OGH hob Bescheid der Rechtsanwaltskammer auf, mit dem Wiederzulassung als Anwalt untersagt wurde. Höchstgericht ordnete genauere Prüfung der Vertrauenswürdigkeit an.
Der Jurist verzichtete 2017 auch wegen strafrechtlicher Ermittlungen zu seinem Umgang mit Treuhandgeldern von Kunden bei Bauprojekten auf die Ausübung des Anwaltsberufs im Burgenland.
RAK stufte ihn als vertrauensunwürdig ein
Er stellte im April 2021 bei der Vorarlberger Rechtsanwaltskammer (RAK) den Antrag, in die Liste der Anwälte wieder eingetragen zu werden, mit gewünschtem neuem Kanzleisitz in Vorarlberg. Der RAK-Ausschuss gab dem Antrag aber per Bescheid im Jänner 2023 nicht statt. Weil der 53-Jährige als Rechtsanwalt vertrauensunwürdig wäre.
Der Oberste Gerichtshof (OGH) gab im Oktober 2023 der Berufung des Antragstellers Folge, hob den negativen Bescheid auf und ordnete eine Verfahrensergänzung und eine neue Entscheidung durch den Vorarlberger RAK-Aussschuss an.
Prüfung beauftragt
Aufgehoben wurde der Bescheid, weil dem OGH zufolge die disziplinäre Vorstrafe mit der Geldbuße von 1000 Euro aus dem Jahr 2010 schon getilgt sein könnte. Deshalb dürfe dem Ex-Anwalt eventuell nicht vorgeworfen werden, die disziplinäre Verurteilung vor dem RAK-Ausschuss verschwiegen zu haben. Zudem seien im Burgenland, im Gegensatz zur RAK-Ansicht, Barbehebungen von Konten mit Treuhandgeldern von Mandanten erlaubt gewesen.
Der Wiener OGH-Senat trug dem Vorarlberger RAK-Ausschuss auf, die Frage der Vertrauenswürdigkeit genauer zu prüfen.

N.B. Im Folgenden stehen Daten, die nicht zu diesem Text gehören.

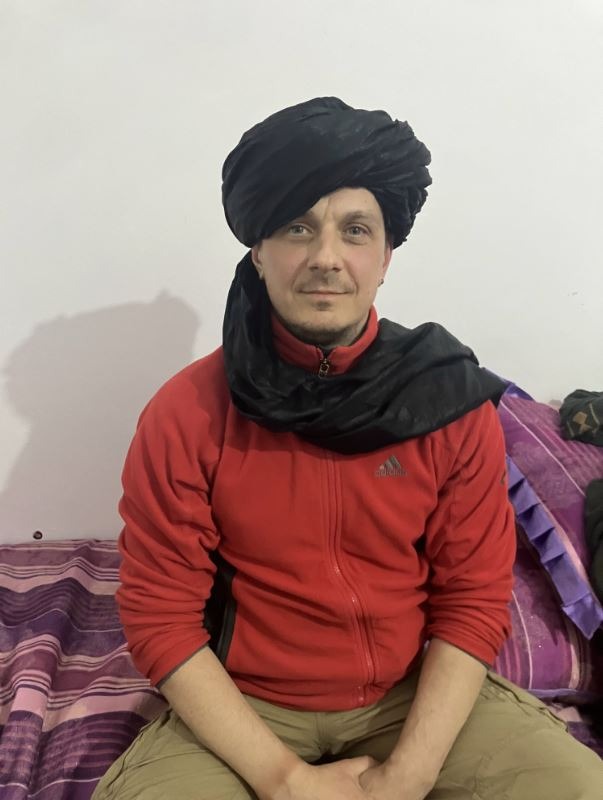 motoputeshestvie v afganistan chast 1 28 Мотопутешествие в Афганистан, часть 1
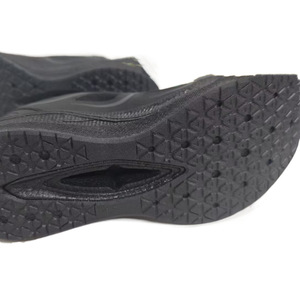 Chaussures de fitness et de cross-training unisexes à talon bas, semelle extérieure en caoutchouc, respirantes, décontractées, pour la course, printemps, automne, hiver, extérieur - Product Image 4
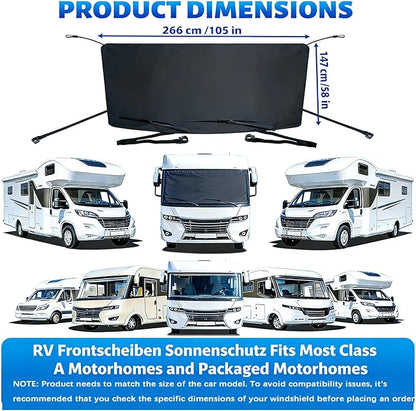 Grille d'aération Ford Transit Custom - Aluminium + Filet Anti-Insectes (2012-2023)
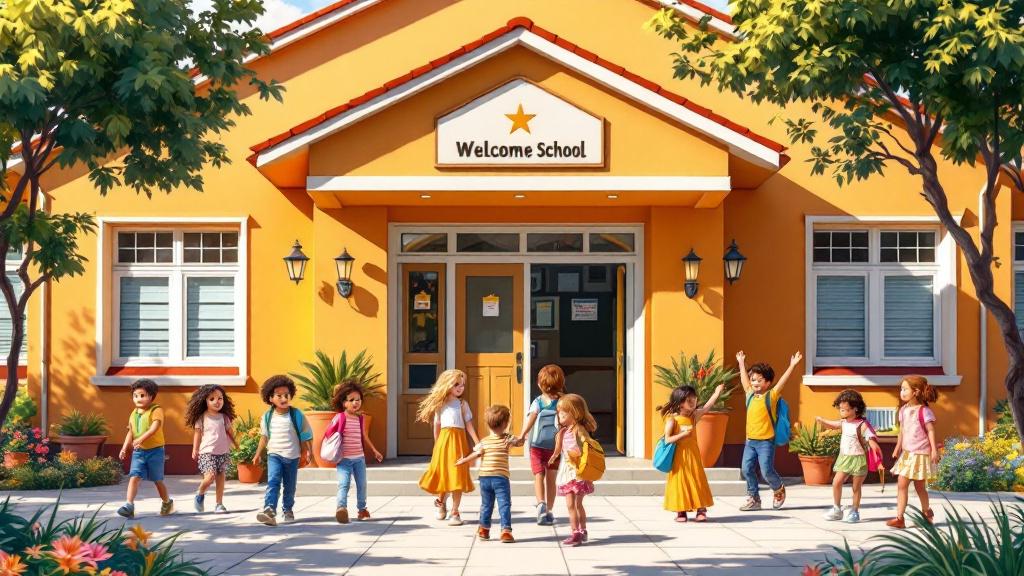 How ABA Therapy Helps Children Navigate Recess and Lunchtime Challenges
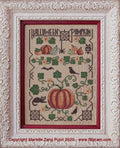 Filigram - Halloween Pumpkin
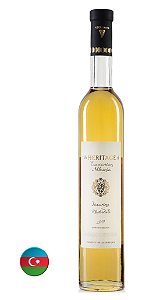 Heritage Icewine Rkatsiteli
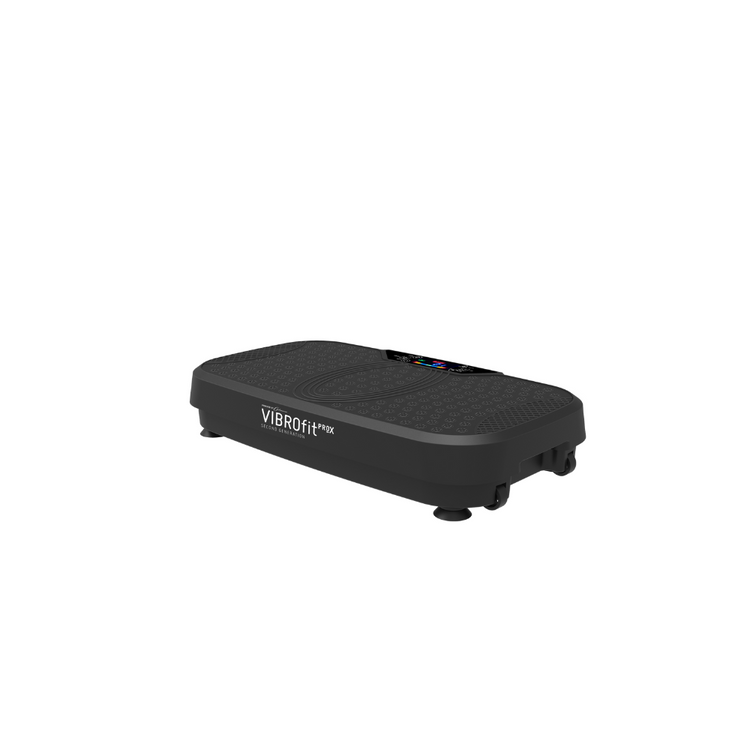 Ex-Demo Vibrofit Pro X - The Ultimate Multi-Directional Vibration Fitness Plate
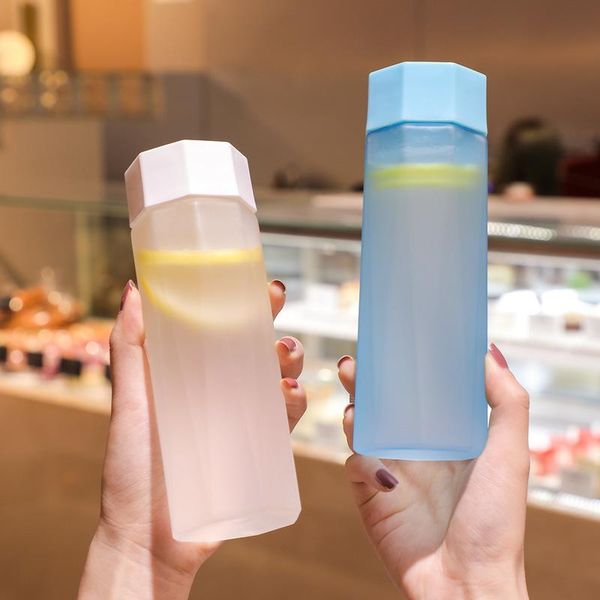 camp furniture 2021 personality trend water cup plastic fashion fresh style heat-resistant frosted ins simple bottle
camp furniture 2021 personality trend water cup plastic fashion fresh style heat-resistant frosted ins simple bottle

Demnach ist etwa zu erheben, welche Schadenersatzbeträge der Ex-Anwalt von ihm vertretenen Bauherren bei gütlichen Einigungen bezahlt hat. Dabei sei, so der OGH, vor allem zu klären, inwieweit das Verhalten des damaligen Rechtsanwalts für finanzielle Schäden ursächlich gewesen sei. Und das Modell der Finanzierungsabwicklung der Bauprojekte sei zu hinterfragen. Der Anwalt habe abhängig vom Baufortschritt mehrmals treuhändisch verwaltete Bauherrengelder bar behoben und Bauunternehmen übergeben. Von ihm eingerichtete Treuhandkonten habe er der burgenländischen Rechtsanwaltskammer darüber hinaus nicht oder erst verspätet gemeldet.
Ermittlungsverfahren eingestellt
Die Staatsanwaltschaft Wiener Neustadt in Niederösterreich stellte das wegen des Verdachts des schweren Betrugs und der Untreue geführte Ermittlungsverfahren gegen den beschuldigten Ex-Anwalt ein. Angeklagt wurden ein Baugutachter, der aber kein eingetragener Sachverständiger gewesen sein soll, und ein Geschäftsführer eines Bauunternehmens. Die Angeklagten wurden jedoch 2019 in Wiener Neustadt rechtskräftig freigesprochen.